For which values of $\alpha$ is the disk $B = \{(x, y) \mid x^2+y^2 \leq 1\}$ positively invariant?

Question

Given the following dynamical system

$$\begin{aligned} \dot x &= f(x,y) = -x + \alpha y \\ \dot y &= g(x,y) = -y\end{aligned}$$

for which values of $\alpha$ is the disk $B = \{(x, y)\mid x^2+y^2 \leq 1\}$ positively invariant?

Now what I have done is that I have taken the orbital derivative of $x^2 + y^2$. This gives

$$\frac{dV}{dt} = 2x\dot x + 2y \dot y = 2x(-x+\alpha y) - 2y^2$$

Now I say at the edge of this disk we have $x^2 + y^2 = 1$ so I now get

$$\frac{dV}{dt}= -2 +2x\alpha y$$

and I want $\frac{dV}{dt} < 0$ so from this I conclude that $\alpha < \frac{1}{xy}$.

Now here I am just looking for some clarification. If I have done this wrong can someone please point me in the correct direction. I am not very confident in my answer due to the fact I have not got a actual numerate answer.

Answer 1

Your reasoning is O.K., however I don't think that it will lead to useful results. I would use the inequality $$ 2 x y \le x^2 + y^2. $$ Assume $\alpha \ge 0$. So you have $$ \frac{dV}{dt} = -2 x^2 + 2 \alpha x y - 2 y^2 \le (- 2 + \alpha) (x^2 + y^2), $$ which is $\le - 2 + \alpha$ on the boundary $x^2 + y^2 = 1$ of the disk $B$.

We have thus obtain a sufficient condition, $0 \le \alpha < 2$, for the disk $B$ to be positively invariant.

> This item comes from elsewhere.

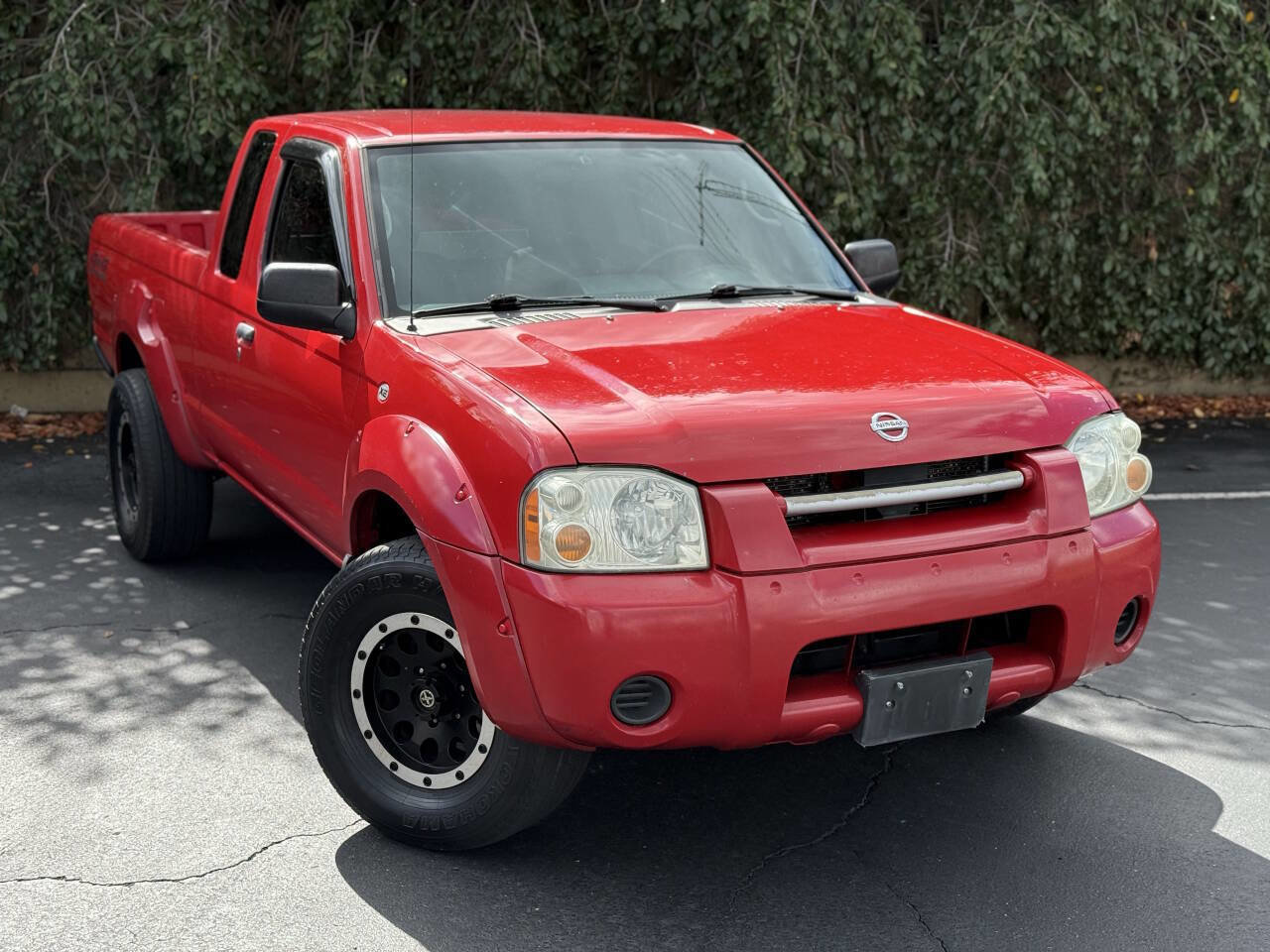 Used 2003 Nissan Frontier XE w/ Value Truck Pkg image 2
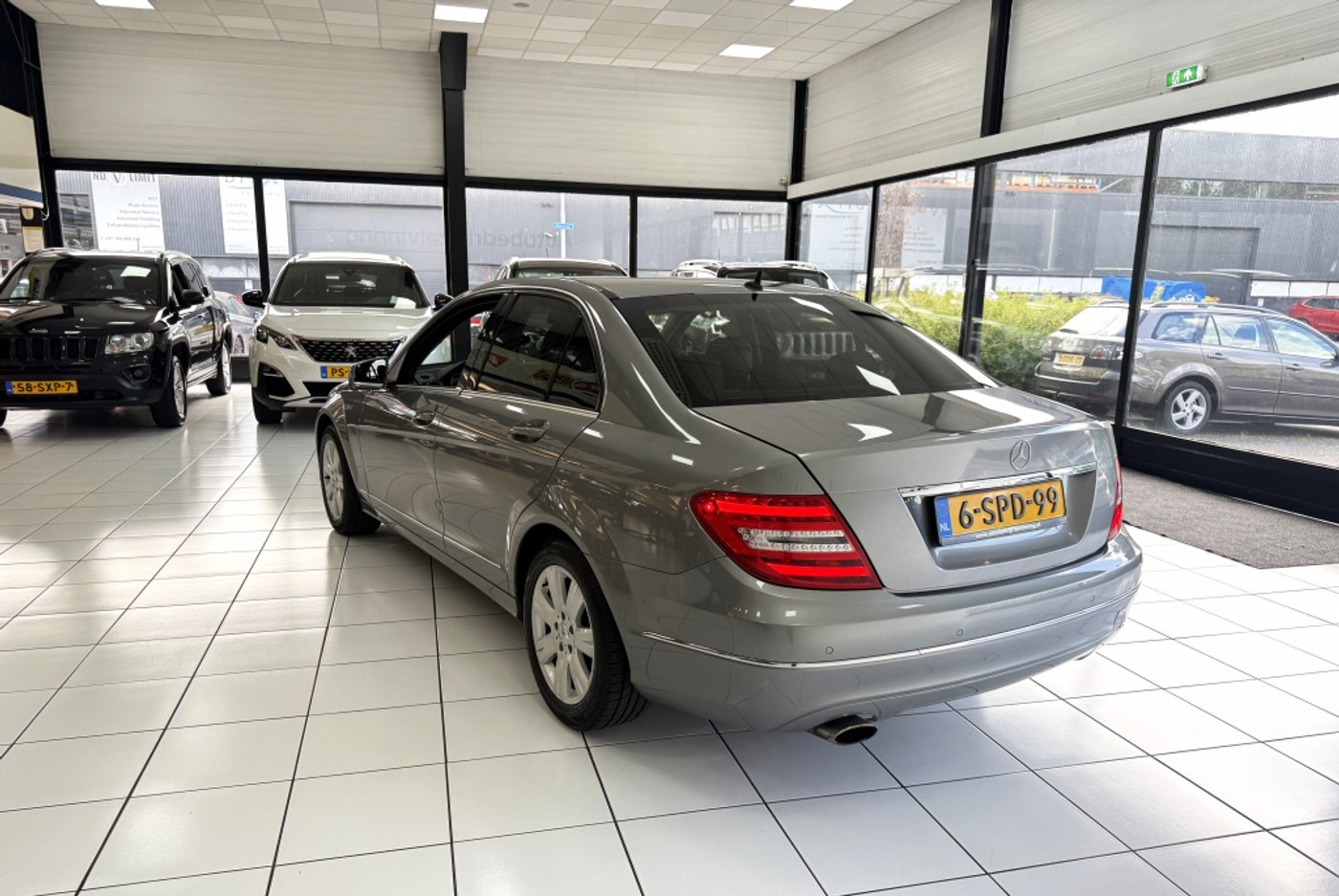 Foto van Mercedes-Benz C 200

Regarding necessary conditions, let $\alpha > 2$, and consider the field vector at $(\sqrt{2}/2, \sqrt{2}/2)$. Its $x$-coordinate is bigger than $\sqrt{2}/2$, and its $y$-coordinate is $-\sqrt{2}/2$. So the vector points out of $B$, consequently, the orbit passing through $(\sqrt{2}/2, \sqrt{2}/2)$ leaves the disk $B$.

Answer 2

Using polar coordinates, $x = \cos (\theta)$ and $y = \sin (\theta)$, we obtain

$$\dot V = -2 + 2 \alpha x y = -2 + 2 \alpha \cos(\theta) \sin (\theta) = -2 + \alpha \sin(2 \theta)$$

which is nonpositive for $\alpha \in [-2,2]$.